Posted By Eric Yau, Mar 25, 2008

As our van was entering the City of New Orleans, I had a feeling of inexplicable excitement. It's been two years since my last community service activity here, and I was eager to see for myself the transformations in the city since my last visit. To my dismay, it was one disappointment after another. The first building that I saw was the abandoned hotel in which I slept in during my last visit. It is still abandoned (with a huge "for sale" banner), and it seems to have deteriorated from its already dilapidated condition. The outside walls were all dirty, most of the windows were cracked, and the parking structure was filled with trash.

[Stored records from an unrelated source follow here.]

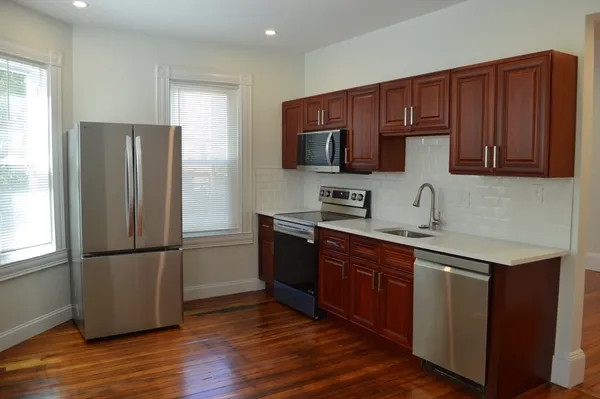 a kitchen with wooden cabinets and stainless steel appliances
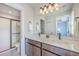 Well-lit bathroom with a double sink vanity, modern fixtures, a large mirror, and glass enclosed shower at 5135 Park Creek Ave, North Charleston, SC 29418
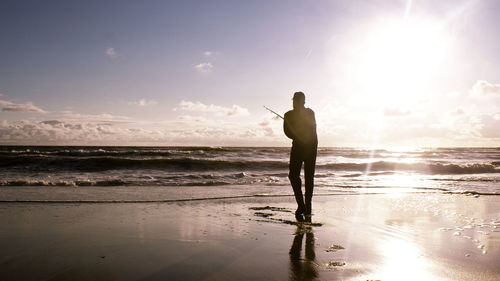 Rear view of silhouette man standing at beach during sunset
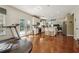 Spacious kitchen features hardwood floors, white cabinets, an island, and stainless steel appliances at 775 Gran Heritage Way, Dacula, GA 30019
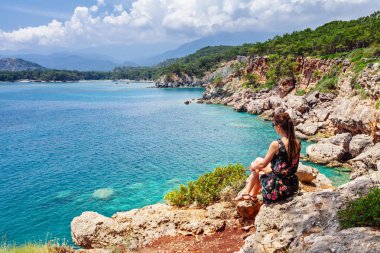 Turist kız oturan ve eski Yunan kasabası Phaselis koyda bakıyor. Kemer, Antalya, Türkiye yakınlarındaki sahilde panoramik manzara. 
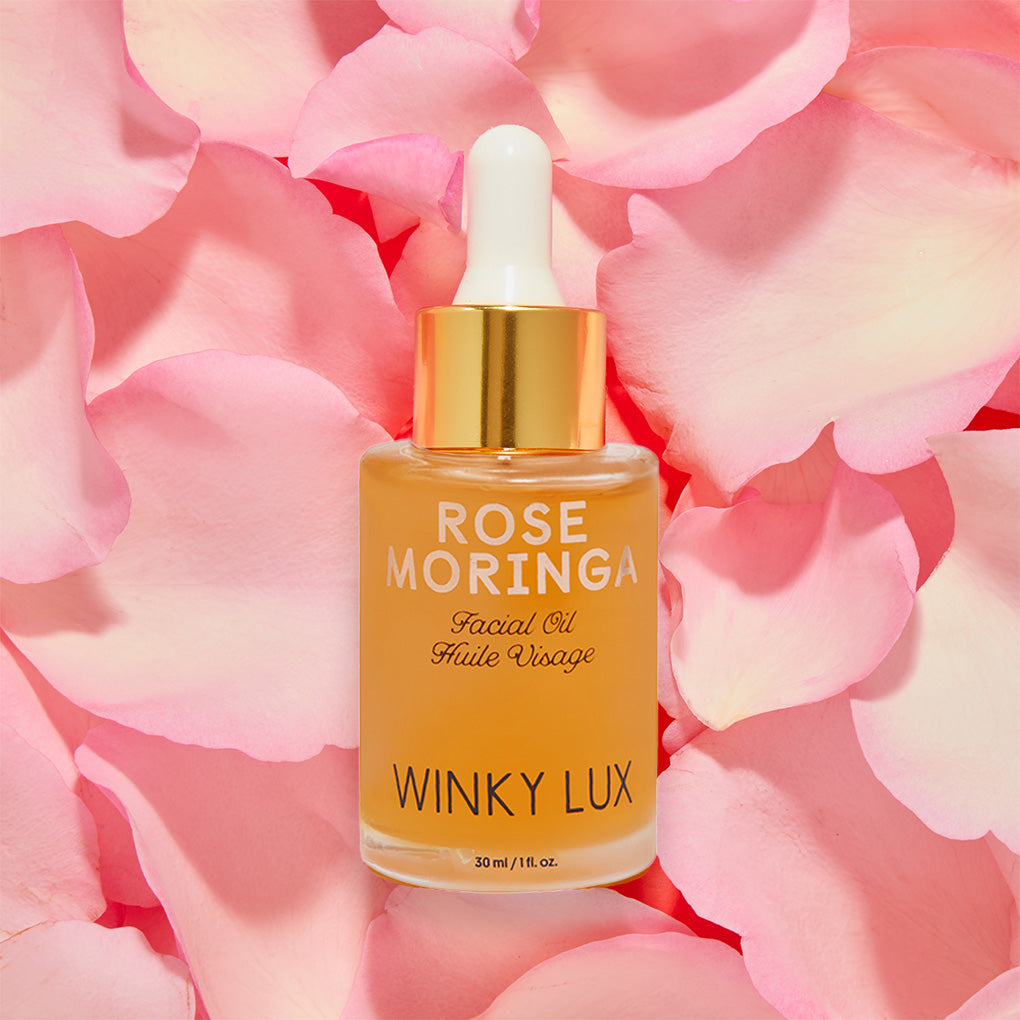 So Quenched Skincare Trio -- rose moringa facial oil laying in bed of pink petals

As I was trying to come to terms with this disappointment, the eye-soaring tent city appeared before my eyes. To make it more disturbing, the tent city is located under the overpass (next to the abandoned hotel that I stayed in) where we used to have meals when I was here last. Now, this dirty and dusty "dining hall" is filled with rows and rows of tents, occupied by people who have been kicked out from their FEMA trailers and can't afford to rent houses in the city.

I kept asking myself the same question - What is going on here? I remember the purpose of my last community service trip was to help victims clean out their homes, so they could move out of their FEMA trailers as soon as possible, and rebuild their homes in order to lead a normal life. But what I saw was the exact opposite, instead, people are moving from a trailer to a tent.

These disappointments were well illustrated during our orientation sessions at Tulane and Mississippi Center for Justice. It was mind-boggling to learn that instead of helping Katrina victims, city and state governments in both Louisiana and Mississippi are actually pursuing policies aimed at worsening the situation. In New Orleans, we have people driven from their trailers to live in tents. In Gulfport, we have government diverting federal funds earmarked for home-rebuilding being used to subsidize projects like improving ports facilities.

Personally, it was really distressing to see the situation deteriorating from bad to worse, I really hope that our work this week would create awareness in whatever ways possible of the continuing problems experienced by Katrina victims.